English 92 Parallel Reading Project
Due on or Before May 1, 2009
Choose a novel, play, or nonfiction work from the following list and ask one of your parents or another adult to read that work with you. You will take an essay test of the work on May 1 and give a presentation of the work on May 4.The lexile scores (reading difficulty) are listed by the works that have scores available. Your lexile score(reading ability) from eighth grade is listed before your CRT score. If you attended a Georgia public school last year, I can look up your lexile score if you do not have it.
The Curious Incident of the Dog in the Nighttime (Haddon);novel; strong language; the narrator is boy with Asperger syndrome, who is a mathematical savant, has a photographic memory, and is extremely observant and objectively reports what the other characters say (profane language) and do.

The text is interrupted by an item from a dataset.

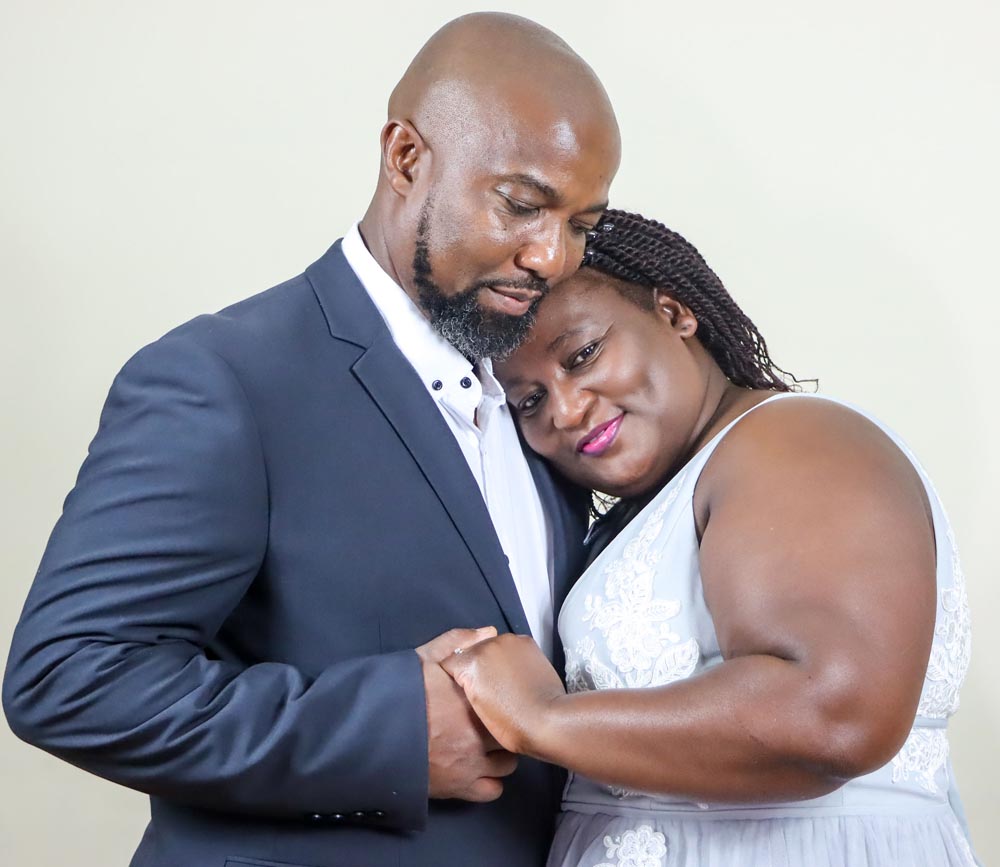 Cathy and Ramson in a close portrait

Our Town(Wilder); play; won he Pulitzer Prize in 1938; reveals the lives of characters in a small town.
The Lord of the Flies( Golding);lexile 770; allegorical novel of boys stranded on an island; violent plot.
Cyrano de Bergerac ( Rostand); play; based on a historical Frenchman with a large nose.
The Color of Water ( McBride); Lexile 1240; nonfiction; a Black man’s story of his white mother.
The Scarlet Pimpernel( Orczy); adventure novel set during the French Revolution; precursor of spy fiction and superhero genre.
Never Cry Wolf (Mowat); 1330 lexile; nonfiction (but later discovered to be more fiction than research); humorous story of a man who researches wolves in Canada.
Lost Horizon ( Hilton); 1060 lexile; fantasy novel about a group of travelers who find a utopian society in the Himalayan Mountains.
Jane Eyre (Bronte); 840 lexile; classic romance novel; on e of the most famous British novels of all time.
A Separate Peace (Knowles); 1110 lexile; a novel about the friendship of two boys in a boarding school during World War II.
Ella Minnow Pea (Dunn); a satirical epistolary novel about censorship and totalitarianism.
You will complete the following assignments on the work before May 1:
1. Do bookcards. You may write these on index cards or a sheet of paper ( in ink or typed) and turn these in up until May 1. You may not turn in the bookcards after May 1. Book cards include title, author's name and background, genre, setting, characters, themes, explanation unique literary devices (satire, epistle, etc), plot summary, annotated bibliography of at least three sources, significant quote, and personal reaction.
2. Create a 50 item test, with answer key on the work. You must include matching, multiple choice, and true-false questions, but you may have other sections as well. This must be turned in by May 1.
3. You must create an evaluation form of at least 20 questions on the work to be filled out by the adult who read the novel and turn this form in by May 1.
4. You must give a two to four minute presentation on your work, with at least one visual. You will present May 4.
5. You will take an essay test on your novel May 1.
6. You will write an in-class essay on this work May 7 and 8.